Initial German deployment - the two units in a bit of a traffic jam on the approach road to the bridge
Closer view - my command 250 is the one in the left centre
After a few activations of turn one - my Tiger is engaged in a dual with an AT gun whilst one of my Mk IV's has been brewed up by another AT gun
Chris's Kamfgruppe deploys to the left of the bridge
A view from the hill on the right flank where my Tiger took up residence for the entire game.
My panzer grenadiers debus just short of the crossroads leading to the bridge
Chris's panzer grenadiers also dismount on the left flank and prepare to assault across the river. At this point, I had knocked out one US AT gun and so had Chris, with the third deployed far behind the front line facing my right flank.

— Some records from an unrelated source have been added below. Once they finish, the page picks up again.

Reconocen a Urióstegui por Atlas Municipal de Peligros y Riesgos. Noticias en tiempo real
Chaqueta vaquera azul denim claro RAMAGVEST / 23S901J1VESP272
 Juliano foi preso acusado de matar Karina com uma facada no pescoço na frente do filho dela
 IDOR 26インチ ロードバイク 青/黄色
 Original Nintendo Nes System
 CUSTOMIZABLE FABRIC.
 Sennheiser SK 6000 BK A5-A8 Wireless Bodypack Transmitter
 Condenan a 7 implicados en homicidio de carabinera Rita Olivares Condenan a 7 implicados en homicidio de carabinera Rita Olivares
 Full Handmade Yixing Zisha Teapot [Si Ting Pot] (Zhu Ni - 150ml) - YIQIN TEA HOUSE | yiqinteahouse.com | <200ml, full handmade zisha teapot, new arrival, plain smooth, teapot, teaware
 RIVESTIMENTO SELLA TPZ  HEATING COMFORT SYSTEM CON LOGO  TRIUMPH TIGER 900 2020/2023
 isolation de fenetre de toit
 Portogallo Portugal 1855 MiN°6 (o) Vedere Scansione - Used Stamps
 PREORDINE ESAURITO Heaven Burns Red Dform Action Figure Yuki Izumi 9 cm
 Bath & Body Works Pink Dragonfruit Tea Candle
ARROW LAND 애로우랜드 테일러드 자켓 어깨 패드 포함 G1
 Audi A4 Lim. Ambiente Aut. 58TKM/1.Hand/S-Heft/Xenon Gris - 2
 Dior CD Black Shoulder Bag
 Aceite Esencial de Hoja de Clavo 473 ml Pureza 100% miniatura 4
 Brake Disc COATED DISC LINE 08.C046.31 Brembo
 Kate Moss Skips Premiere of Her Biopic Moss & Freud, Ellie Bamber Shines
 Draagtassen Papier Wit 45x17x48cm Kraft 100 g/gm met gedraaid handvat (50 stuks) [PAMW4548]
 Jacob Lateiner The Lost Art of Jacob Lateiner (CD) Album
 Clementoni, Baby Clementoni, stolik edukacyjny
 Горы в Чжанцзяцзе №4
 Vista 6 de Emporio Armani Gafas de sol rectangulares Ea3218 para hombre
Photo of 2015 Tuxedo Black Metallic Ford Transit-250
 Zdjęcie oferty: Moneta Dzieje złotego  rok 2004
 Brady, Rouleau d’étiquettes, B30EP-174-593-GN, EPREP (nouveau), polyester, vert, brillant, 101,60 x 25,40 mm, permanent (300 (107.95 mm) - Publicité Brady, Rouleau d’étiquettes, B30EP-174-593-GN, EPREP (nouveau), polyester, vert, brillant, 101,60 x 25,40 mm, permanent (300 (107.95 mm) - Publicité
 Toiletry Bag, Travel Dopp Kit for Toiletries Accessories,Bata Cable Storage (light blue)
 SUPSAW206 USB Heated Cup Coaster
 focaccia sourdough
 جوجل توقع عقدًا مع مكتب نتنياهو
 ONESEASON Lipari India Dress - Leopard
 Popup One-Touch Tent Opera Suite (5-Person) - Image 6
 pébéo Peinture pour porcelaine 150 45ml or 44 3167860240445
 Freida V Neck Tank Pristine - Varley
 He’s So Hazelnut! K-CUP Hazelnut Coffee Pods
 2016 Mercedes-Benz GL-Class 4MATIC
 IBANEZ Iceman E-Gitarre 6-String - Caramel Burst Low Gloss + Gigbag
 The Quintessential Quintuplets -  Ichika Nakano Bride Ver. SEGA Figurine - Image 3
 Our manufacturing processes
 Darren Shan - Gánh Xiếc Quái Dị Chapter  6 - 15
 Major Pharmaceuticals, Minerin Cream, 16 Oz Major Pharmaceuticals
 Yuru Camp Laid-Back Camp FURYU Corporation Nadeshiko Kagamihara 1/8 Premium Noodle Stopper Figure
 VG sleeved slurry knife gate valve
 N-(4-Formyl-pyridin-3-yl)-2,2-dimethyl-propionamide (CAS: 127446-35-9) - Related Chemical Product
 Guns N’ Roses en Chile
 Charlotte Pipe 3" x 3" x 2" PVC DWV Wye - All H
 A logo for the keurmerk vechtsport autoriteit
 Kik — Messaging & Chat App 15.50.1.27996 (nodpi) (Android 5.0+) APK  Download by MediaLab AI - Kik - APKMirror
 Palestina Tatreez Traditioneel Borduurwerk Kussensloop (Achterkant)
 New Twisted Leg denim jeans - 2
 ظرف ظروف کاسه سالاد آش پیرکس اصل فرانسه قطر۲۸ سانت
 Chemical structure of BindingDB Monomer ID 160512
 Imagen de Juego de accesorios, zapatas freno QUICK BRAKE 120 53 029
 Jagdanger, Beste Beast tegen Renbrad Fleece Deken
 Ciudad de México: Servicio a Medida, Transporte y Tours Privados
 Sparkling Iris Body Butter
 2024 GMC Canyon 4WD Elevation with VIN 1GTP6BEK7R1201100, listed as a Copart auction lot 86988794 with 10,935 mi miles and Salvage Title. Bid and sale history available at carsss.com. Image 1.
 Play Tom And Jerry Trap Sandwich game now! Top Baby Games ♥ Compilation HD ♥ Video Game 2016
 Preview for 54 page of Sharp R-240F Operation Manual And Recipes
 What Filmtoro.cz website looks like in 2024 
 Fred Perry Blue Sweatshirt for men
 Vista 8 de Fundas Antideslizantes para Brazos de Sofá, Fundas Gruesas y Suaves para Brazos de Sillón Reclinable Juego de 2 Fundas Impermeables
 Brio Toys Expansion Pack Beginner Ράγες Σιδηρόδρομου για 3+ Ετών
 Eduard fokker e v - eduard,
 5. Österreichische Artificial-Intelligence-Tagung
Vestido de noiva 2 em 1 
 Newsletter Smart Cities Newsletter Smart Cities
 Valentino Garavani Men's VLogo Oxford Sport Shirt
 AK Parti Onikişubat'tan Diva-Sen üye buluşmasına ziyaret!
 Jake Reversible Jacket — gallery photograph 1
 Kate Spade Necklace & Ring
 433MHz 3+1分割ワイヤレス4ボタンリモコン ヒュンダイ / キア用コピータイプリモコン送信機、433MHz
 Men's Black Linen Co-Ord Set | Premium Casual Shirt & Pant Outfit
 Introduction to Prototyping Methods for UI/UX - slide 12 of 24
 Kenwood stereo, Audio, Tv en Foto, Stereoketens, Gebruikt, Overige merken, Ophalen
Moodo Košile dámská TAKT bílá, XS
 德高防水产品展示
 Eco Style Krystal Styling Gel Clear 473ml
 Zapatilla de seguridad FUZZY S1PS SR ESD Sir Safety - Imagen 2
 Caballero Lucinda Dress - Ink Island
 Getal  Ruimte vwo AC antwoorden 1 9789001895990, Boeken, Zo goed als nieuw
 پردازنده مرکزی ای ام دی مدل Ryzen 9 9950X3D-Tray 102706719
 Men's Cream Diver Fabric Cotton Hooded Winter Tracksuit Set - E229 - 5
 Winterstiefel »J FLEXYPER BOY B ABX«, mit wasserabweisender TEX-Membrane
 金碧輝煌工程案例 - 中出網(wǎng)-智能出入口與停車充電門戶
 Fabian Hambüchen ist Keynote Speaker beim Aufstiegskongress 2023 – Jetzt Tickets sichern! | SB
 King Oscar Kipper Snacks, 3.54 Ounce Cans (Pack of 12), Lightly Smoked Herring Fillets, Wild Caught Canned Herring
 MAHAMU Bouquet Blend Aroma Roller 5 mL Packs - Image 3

The view from behind Chris's Tiger as it covers the German left flank. In the woods to the immediate right front, his two Mk IV's wait in cover
Chris attempted a mass assault across the river at a time when the US forces were redeploying and had withdrawn into the wood and therefore could not engage the Germans as they crossed the river,. Unfortunately, only one of the three units succeeded in advancing - the other two remained on our side of the river. In ensuing activations the US forces in the woods managed to drive this loan German unit back across the river and inflicted severe damage on them in the process
The US player miscalculated his advance with two of his three M10's up the road towards the bridge and then drew attention to the fact by pointing out his M10 could see my Tiger. Of course, this meant the same was true in reverse, so when Julian tried to fire on my Tiger, I interrupted his move and returned the compliment, brewing up his M10!
View from the hill where my Tiger has been joined by my second Mk IV and one of the 251 carriers
Next activation and my Mk IV has brewed up an M3 half track. Chris had in the meantime done the same to an M3 on the other flank with long range shooting by his Tiger
My Tiger then advanced slightly and engaged the second M10, with the same result as in the previous case. The US was now down to one M10 and one AT gun, plus some infantry - we still had two Tigers and three of four Mk IV's
The end is nigh! With a bit of psyops, we conned Julian into using up a heap of his activation points, leaving us with about 6 or 8 each to his remaining 3. This is one of the critical tactical elements to this rule set - you can get into a position where you get activation after activation and the opponent cant react to your moves because he has no activation points left. This enabled Chris to advance straight up the road with his two Mk IV's., while I engaged and destroyed the last AT gun, and then Chris drove straight over the bridge, round the burning US armour, and popped a 75mm AT round right up the ass of the last remaining M10!
The view from the US side - Chris's Mk IV is in the woods in the top left and the final M10 is burning in the very centre bottom of the photo
Meanwhile, my Tiger on the hill did a little target practice and blew up another M3 halftrack
The German advance - Chris's second Mk IV is on the bridge and two of my three infantry units have crossed the river and hold the bocage line on the US side. My Tiger and Mk IV can be seen on ntheir hill in the top left and my infantry carriers are pushing down the road behind Chris's armour.
A final view from the German left flank - Chris's infantry supported by HMG fire from the 251 carriers hold the river line ready to exploit forwards
This was a fun game and I found the rules simple to pick up and understand. There are some interesting little nuances in the rules and they generally seemed to work well. I was a bit dubious when a 57mmAT gun took out my MK IV after the first couple of activations, but that turned out to have been a bit of a fluke and it didn't happen again. The mortars were pretty useless - Julian used them quite a lot and only got on target with them once in the whole game I think. All in all, these rules are a good find and I will be happy to give them another go sometime very soon!